What lines below contain the word "with"? Please pull each one out.

[Start of section]

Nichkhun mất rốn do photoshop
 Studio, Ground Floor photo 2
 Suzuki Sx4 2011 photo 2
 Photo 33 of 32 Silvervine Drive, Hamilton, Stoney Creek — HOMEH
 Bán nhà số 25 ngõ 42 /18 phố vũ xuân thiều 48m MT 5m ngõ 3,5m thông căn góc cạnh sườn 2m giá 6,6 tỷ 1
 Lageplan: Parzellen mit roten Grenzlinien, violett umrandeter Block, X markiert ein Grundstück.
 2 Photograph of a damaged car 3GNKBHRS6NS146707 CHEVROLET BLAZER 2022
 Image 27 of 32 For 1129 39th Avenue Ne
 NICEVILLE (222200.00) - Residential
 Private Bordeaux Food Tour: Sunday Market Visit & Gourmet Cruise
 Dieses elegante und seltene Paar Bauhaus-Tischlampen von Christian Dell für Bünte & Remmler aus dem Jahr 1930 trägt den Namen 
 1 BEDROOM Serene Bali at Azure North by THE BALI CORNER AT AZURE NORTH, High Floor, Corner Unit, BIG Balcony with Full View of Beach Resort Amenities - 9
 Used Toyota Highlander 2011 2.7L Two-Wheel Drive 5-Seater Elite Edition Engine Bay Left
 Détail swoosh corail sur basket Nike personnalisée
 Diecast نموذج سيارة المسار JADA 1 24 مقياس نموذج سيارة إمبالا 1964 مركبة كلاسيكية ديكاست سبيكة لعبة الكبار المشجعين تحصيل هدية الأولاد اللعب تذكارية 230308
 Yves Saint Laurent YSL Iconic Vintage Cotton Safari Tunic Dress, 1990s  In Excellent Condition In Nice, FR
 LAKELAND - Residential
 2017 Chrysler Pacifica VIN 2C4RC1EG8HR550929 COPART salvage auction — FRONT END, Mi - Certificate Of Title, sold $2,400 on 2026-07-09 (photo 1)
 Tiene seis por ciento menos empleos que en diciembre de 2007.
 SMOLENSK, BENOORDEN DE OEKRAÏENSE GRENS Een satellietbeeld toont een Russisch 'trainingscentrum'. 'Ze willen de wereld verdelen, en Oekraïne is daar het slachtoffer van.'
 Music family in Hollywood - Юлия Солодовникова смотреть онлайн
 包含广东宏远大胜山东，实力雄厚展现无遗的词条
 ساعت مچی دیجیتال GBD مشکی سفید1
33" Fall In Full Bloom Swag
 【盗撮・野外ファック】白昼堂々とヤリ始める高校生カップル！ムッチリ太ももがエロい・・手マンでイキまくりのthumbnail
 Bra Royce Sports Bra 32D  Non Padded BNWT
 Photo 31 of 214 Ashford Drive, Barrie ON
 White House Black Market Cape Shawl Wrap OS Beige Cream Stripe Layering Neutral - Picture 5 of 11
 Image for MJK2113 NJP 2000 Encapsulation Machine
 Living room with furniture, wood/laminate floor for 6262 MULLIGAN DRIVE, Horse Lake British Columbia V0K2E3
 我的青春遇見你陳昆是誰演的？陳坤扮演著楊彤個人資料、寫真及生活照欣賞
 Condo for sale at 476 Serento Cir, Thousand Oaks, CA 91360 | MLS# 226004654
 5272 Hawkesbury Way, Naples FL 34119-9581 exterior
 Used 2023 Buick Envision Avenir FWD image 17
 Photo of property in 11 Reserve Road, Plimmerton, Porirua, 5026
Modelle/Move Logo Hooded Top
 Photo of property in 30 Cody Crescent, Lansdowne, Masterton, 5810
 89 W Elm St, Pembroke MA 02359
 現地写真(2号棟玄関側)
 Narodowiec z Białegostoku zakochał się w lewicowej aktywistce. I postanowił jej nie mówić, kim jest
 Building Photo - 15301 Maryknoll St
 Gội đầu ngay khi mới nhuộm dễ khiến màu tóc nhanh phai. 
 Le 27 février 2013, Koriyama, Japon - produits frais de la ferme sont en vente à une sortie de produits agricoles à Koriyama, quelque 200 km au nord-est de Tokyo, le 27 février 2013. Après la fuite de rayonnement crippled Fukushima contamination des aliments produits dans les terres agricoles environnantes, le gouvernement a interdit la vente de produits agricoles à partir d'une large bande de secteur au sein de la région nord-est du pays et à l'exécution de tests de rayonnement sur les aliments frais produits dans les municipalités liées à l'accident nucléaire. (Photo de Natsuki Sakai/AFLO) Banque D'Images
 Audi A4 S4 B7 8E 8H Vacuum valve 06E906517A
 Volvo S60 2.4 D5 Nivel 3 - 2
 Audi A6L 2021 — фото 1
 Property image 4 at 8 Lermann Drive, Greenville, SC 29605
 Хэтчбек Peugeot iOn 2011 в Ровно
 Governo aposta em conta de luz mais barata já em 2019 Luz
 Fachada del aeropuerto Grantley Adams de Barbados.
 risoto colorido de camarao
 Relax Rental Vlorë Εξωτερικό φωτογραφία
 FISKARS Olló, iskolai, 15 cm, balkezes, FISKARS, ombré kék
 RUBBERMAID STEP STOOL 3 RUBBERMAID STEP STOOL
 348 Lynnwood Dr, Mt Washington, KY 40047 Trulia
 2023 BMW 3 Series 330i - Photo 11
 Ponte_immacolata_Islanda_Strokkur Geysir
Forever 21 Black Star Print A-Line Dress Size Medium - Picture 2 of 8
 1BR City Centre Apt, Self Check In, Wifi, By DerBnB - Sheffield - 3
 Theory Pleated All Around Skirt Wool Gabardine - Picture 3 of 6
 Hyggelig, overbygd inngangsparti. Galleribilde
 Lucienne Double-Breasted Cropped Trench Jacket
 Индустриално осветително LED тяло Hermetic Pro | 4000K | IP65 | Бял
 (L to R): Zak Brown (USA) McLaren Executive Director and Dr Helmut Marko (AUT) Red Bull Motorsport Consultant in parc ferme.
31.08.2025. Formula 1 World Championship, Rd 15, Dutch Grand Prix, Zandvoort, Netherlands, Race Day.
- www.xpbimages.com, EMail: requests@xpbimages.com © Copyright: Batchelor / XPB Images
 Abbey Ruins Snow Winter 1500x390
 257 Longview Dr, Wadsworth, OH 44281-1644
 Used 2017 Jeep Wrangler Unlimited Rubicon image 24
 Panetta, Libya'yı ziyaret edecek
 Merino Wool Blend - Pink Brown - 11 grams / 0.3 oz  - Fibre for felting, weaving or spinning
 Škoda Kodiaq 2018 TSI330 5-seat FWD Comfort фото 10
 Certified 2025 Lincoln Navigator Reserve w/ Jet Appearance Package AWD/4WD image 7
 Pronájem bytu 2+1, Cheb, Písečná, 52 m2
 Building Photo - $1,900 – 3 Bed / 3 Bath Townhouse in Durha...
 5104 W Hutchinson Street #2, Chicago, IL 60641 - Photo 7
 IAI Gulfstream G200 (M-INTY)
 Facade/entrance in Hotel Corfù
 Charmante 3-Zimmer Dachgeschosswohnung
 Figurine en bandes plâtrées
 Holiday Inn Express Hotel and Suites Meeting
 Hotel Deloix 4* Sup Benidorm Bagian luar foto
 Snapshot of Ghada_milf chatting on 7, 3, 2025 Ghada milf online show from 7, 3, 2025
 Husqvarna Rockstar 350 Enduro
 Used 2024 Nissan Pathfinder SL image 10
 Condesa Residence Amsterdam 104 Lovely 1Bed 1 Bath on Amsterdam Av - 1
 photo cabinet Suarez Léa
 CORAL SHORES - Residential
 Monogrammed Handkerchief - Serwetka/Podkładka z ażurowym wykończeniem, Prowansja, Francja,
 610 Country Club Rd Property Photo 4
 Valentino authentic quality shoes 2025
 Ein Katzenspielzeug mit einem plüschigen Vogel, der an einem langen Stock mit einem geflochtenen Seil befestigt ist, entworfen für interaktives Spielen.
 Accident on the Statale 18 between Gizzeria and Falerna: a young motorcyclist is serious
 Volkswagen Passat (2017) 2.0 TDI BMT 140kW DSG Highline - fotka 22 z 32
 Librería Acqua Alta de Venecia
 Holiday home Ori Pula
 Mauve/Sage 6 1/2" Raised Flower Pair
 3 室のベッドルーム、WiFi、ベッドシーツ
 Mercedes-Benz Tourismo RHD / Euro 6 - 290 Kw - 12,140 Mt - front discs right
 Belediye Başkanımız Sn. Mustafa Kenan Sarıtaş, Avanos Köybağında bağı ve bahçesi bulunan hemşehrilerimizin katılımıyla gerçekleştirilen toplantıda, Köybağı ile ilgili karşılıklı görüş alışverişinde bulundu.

[End of section]

> _Result of the task_:
 1 BEDROOM Serene Bali at Azure North by THE BALI CORNER AT AZURE NORTH, High Floor, Corner Unit, BIG Balcony with Full View of Beach Resort Amenities - 9
 Living room with furniture, wood/laminate floor for 6262 MULLIGAN DRIVE, Horse Lake British Columbia V0K2E3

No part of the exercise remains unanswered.